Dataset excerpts
------------

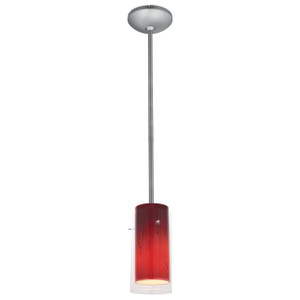 Glass`n Glass Cylinder Brushed Steel LED Pendant (28033-4R-BS/CLRUSKY)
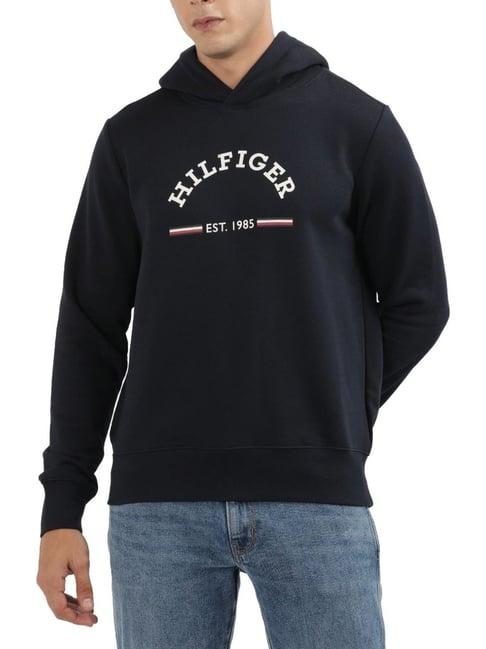 tommy hilfiger blue logo regular fit hoodie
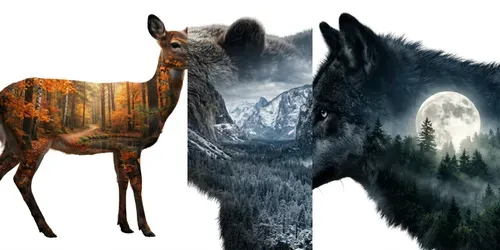 Double Exposure Animal Portraits generated by gemini-image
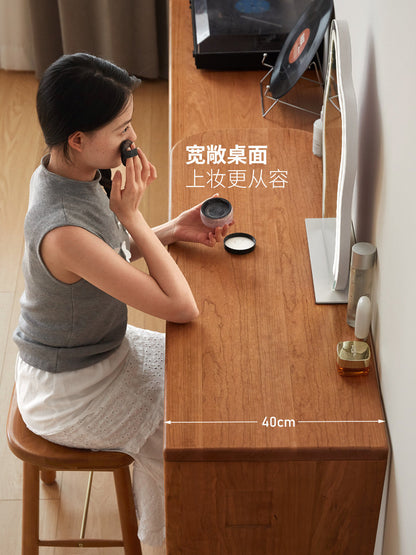 实木化妆桌现代简约六斗柜梳妆台卧室樱桃木化妆台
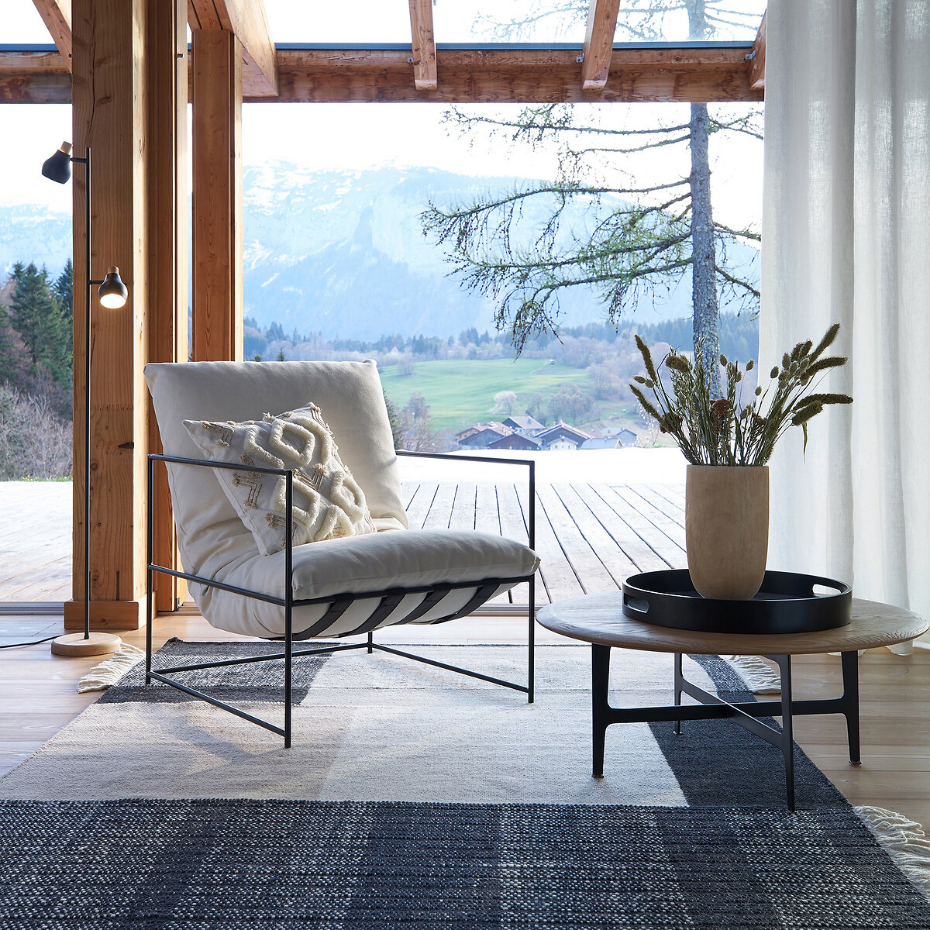 Fauteuil moelleux, tissu coton/lin, Sgothan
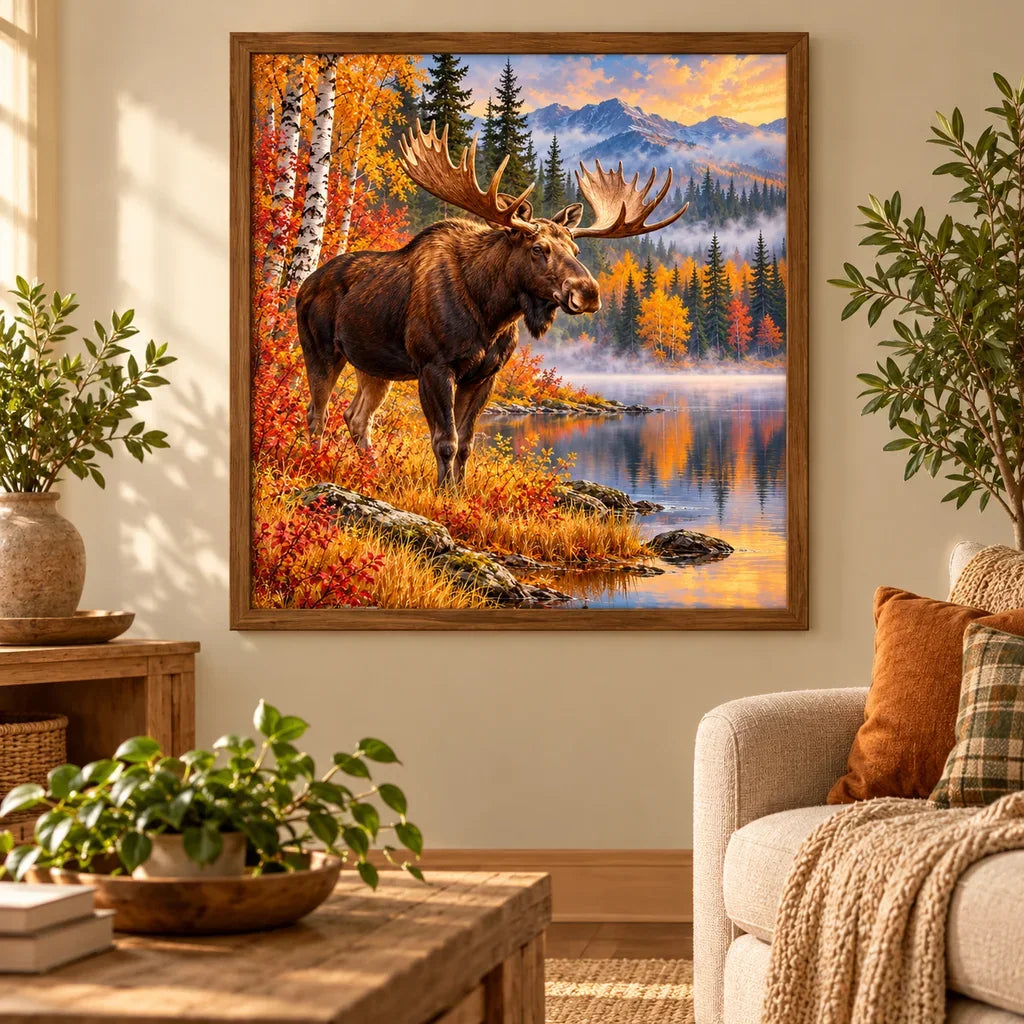 Framed Autumn Moose diamond painting displayed as home decor.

------------

What you have to do: For each entry, repeat its text exactly and leave out any picture it holds.

Finished exercise:
 Glass`n Glass Cylinder Brushed Steel LED Pendant (28033-4R-BS/CLRUSKY)
 tommy hilfiger blue logo regular fit hoodie
 Double Exposure Animal Portraits generated by gemini-image
 实木化妆桌现代简约六斗柜梳妆台卧室樱桃木化妆台
 Fauteuil moelleux, tissu coton/lin, Sgothan
 Framed Autumn Moose diamond painting displayed as home decor.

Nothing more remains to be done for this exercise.